What to Expect from the FOMC This Week?

Posted Sunday, October 27, 2019 by
Rowan Crosby • 1 min read

Given the current state of the US economy, it appears the odds are high that we will be seeing another US rate cut this week.

The FOMC has already cut US rates at its last two meeting and experts believe it will be happening again this week when the committee meets.

There are a few reasons for this that we should first consider.

The first one is of course inflation. To me, this is an interesting metric. As it stands, inflation in the US is sitting at 2.8%. That is above their target rate of 2.0%.

That said we have seen signs of it weakening recently and that won’t be something the FOMC would want.

But given that it is relatively healthy compared to its target makes for an interesting debate.

At the same time jobs growth, which many would say is a leading indicator appears to be slowing as well.

But at the same time, the unemployment rate is at 3.5%. Incredibly low by historic standards.

So why exactly are the FOMC looking to cut?

Well, the big fear is that we could see a US recession next year. Or at least falling GDP growth. GDP growth has probably been one of the key metrics that hasn’t impressed.

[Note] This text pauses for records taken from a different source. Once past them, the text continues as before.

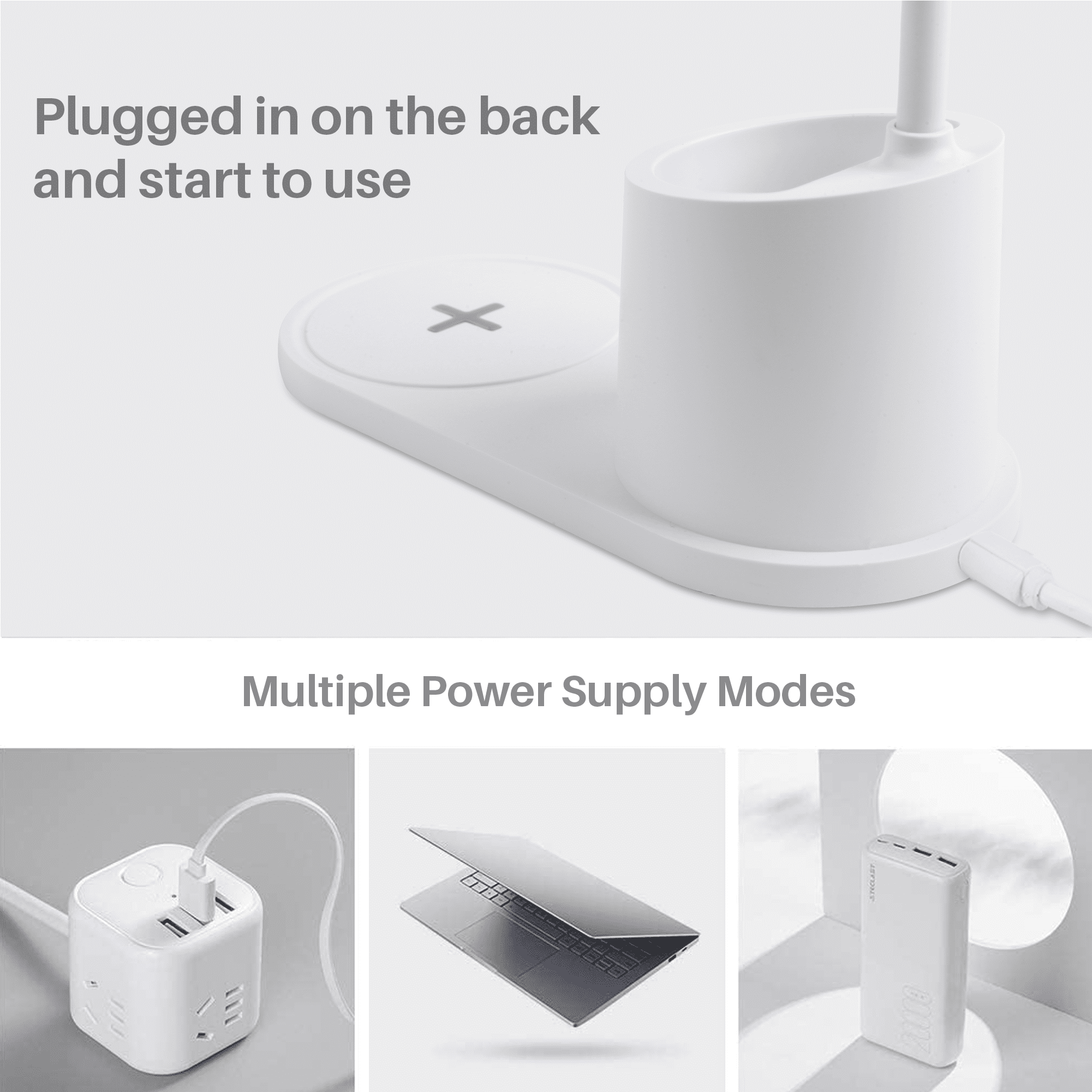 BCOOSS LED Desk Lamp with Wireless Charger and Pen Holder (3-Mode Dimmable, Flexible Gooseneck) i8cj6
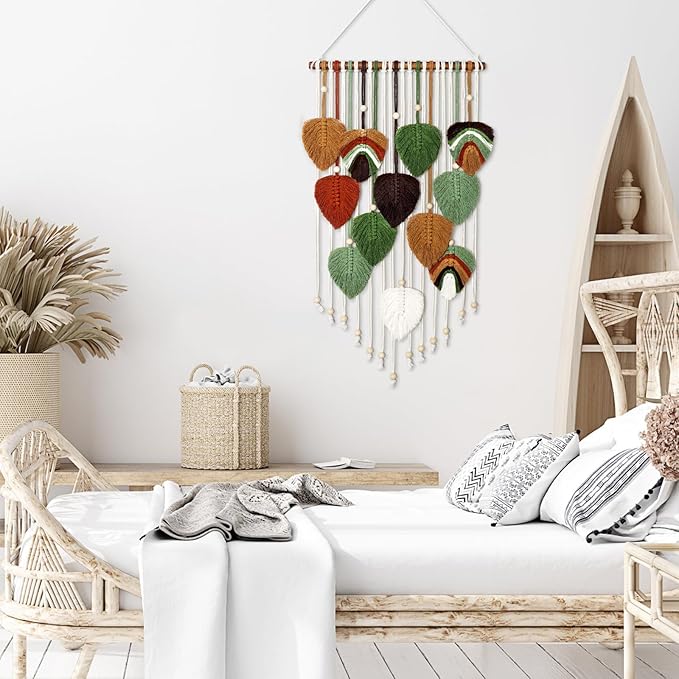 MEIVINES Macrame Wall Hanging Boho Woven Tapestry,Chic Home Decor Modern Bohemian Handmade Leaf Feather Tapestry Wall Art Decor for Bedroom Living Room Nursery Apartment Backdrop 16 X 34 Inch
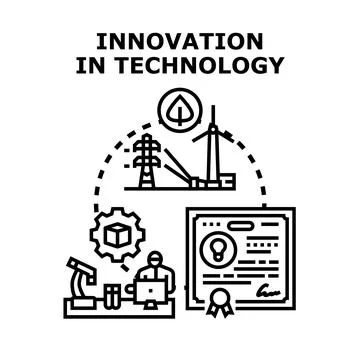 Innovation in technology developing renewable energy solutions Stock Illustration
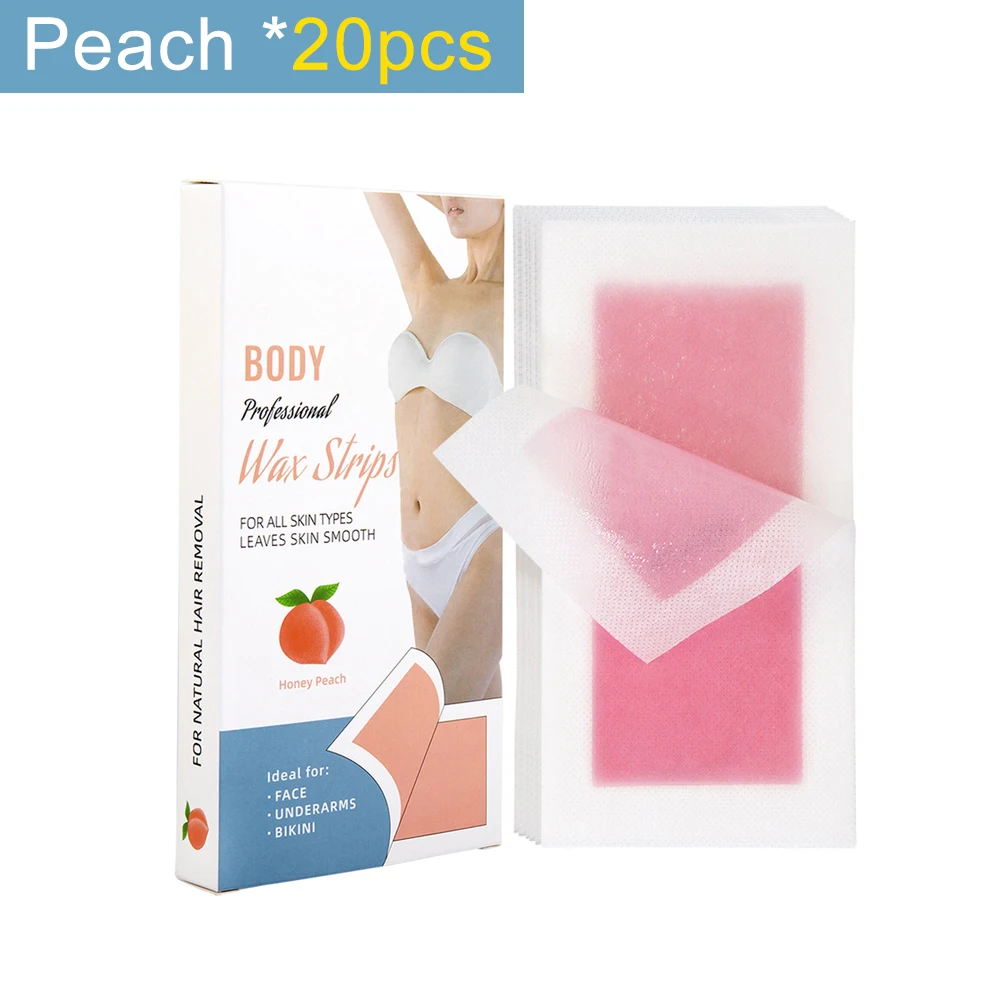 20/40pcs Hair Removal Wax Strips Roll Underarm Wax Strip Paper Waxing Wipe Sticker Beauty Tool for Face Body Leg Arm Hair Remova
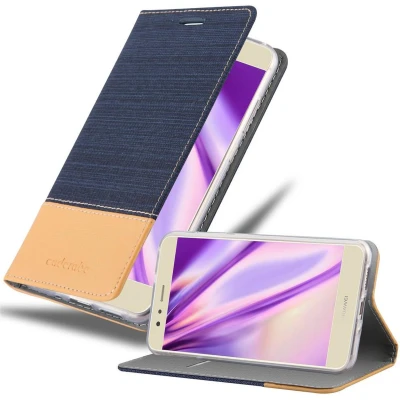 Afbeelding van Cadorabo Hoesje geschikt voor Huawei P10 LITE in DONKERBLAUW BRUIN Beschermhoes met magnetische sluiting, standfunctie en kaartvakje Book Case Cover Etui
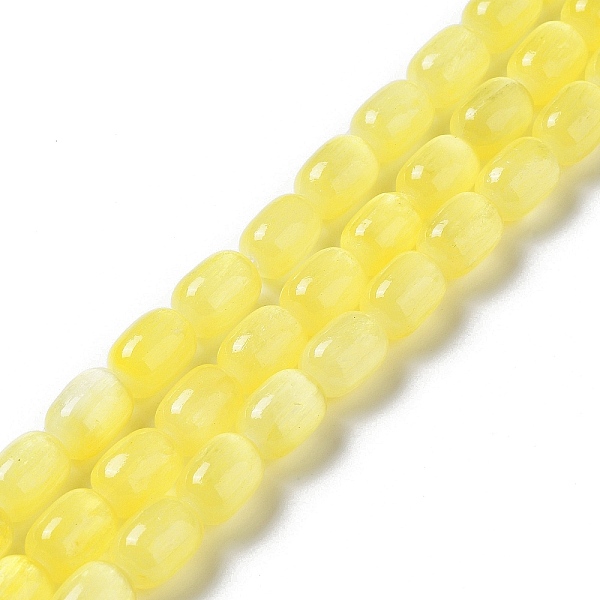 

PandaHall Natural Selenite Beads Strands, Dyed, Drum, Yellow, 12x8mm, Hole: 1mm, about 32pcs/strand, 15.51~15.55 inch(39.4~39.5cm) Selenite...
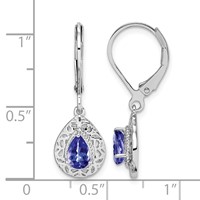 Sterling Silver Rhodium-plated Tanzanite Lever Back Earrings view 4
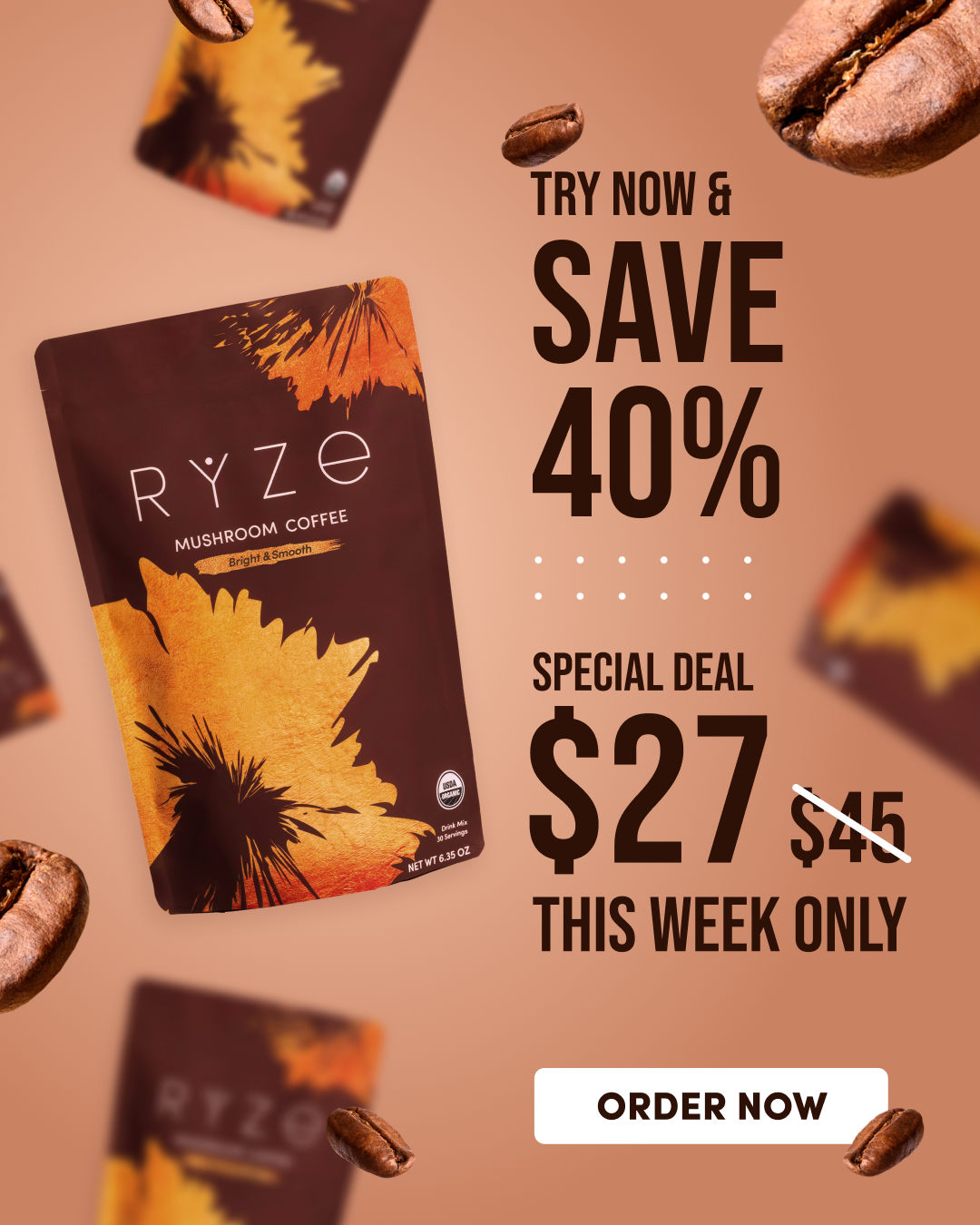 RYZE Superfoods Facebook ad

It is still sitting at healthy levels, but many economists are expecting it to fall in 2020.

The US is far from recession level in my opinion, but in terms of the numbers, they would want to see this number growing QoQ. A recession is technically two consecutive periods of negative economic growth.

So that would be a key reason for a further cut. 

But in truth, things in the US are not going too badly, notwithstanding the US-China trade wars and the political turmoil of course.